[[ Material provided open ]]

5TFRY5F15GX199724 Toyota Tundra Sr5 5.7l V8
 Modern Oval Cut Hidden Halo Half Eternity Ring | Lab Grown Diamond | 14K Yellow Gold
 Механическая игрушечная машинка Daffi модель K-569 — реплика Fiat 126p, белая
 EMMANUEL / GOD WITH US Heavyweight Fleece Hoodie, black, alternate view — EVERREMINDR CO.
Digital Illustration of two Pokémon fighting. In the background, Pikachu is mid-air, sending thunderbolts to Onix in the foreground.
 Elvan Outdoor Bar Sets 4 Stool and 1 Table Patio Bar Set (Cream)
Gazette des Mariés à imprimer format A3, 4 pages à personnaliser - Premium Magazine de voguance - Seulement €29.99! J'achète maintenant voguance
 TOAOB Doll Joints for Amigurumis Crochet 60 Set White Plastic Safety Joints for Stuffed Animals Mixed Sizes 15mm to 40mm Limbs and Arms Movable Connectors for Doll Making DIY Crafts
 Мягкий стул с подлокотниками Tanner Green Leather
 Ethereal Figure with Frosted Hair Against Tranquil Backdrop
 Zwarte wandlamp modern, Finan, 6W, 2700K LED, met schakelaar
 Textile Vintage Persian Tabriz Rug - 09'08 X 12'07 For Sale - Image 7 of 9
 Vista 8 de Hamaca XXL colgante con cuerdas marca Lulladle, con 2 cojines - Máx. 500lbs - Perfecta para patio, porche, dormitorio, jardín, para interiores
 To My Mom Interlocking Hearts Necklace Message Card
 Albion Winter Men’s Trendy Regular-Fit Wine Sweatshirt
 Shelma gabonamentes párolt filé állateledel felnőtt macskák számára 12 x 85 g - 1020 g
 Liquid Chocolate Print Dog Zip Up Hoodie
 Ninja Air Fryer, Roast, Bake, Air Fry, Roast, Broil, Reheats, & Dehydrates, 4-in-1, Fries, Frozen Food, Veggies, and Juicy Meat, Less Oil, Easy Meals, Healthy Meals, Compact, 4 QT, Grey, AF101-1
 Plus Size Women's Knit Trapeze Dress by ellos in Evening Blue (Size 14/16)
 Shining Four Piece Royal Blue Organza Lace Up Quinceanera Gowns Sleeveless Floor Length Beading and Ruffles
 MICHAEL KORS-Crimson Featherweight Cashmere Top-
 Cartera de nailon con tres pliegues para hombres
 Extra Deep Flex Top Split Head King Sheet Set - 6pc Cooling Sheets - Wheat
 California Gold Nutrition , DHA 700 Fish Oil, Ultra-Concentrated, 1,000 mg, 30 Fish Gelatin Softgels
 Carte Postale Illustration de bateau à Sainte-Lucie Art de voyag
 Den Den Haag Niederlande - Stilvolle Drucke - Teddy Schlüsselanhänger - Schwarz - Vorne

[[ Material provided closed ]]

* [Work order]: Every line from the one with "Liquid Chocolate Print Dog Zip Up Hoodie" through the last line of the records above should be returned exactly, please, and no others.

* [The answer]:
 Liquid Chocolate Print Dog Zip Up Hoodie
 Ninja Air Fryer, Roast, Bake, Air Fry, Roast, Broil, Reheats, & Dehydrates, 4-in-1, Fries, Frozen Food, Veggies, and Juicy Meat, Less Oil, Easy Meals, Healthy Meals, Compact, 4 QT, Grey, AF101-1
 Plus Size Women's Knit Trapeze Dress by ellos in Evening Blue (Size 14/16)
 Shining Four Piece Royal Blue Organza Lace Up Quinceanera Gowns Sleeveless Floor Length Beading and Ruffles
 MICHAEL KORS-Crimson Featherweight Cashmere Top-
 Cartera de nailon con tres pliegues para hombres
 Extra Deep Flex Top Split Head King Sheet Set - 6pc Cooling Sheets - Wheat
 California Gold Nutrition , DHA 700 Fish Oil, Ultra-Concentrated, 1,000 mg, 30 Fish Gelatin Softgels
 Carte Postale Illustration de bateau à Sainte-Lucie Art de voyag
 Den Den Haag Niederlande - Stilvolle Drucke - Teddy Schlüsselanhänger - Schwarz - Vorne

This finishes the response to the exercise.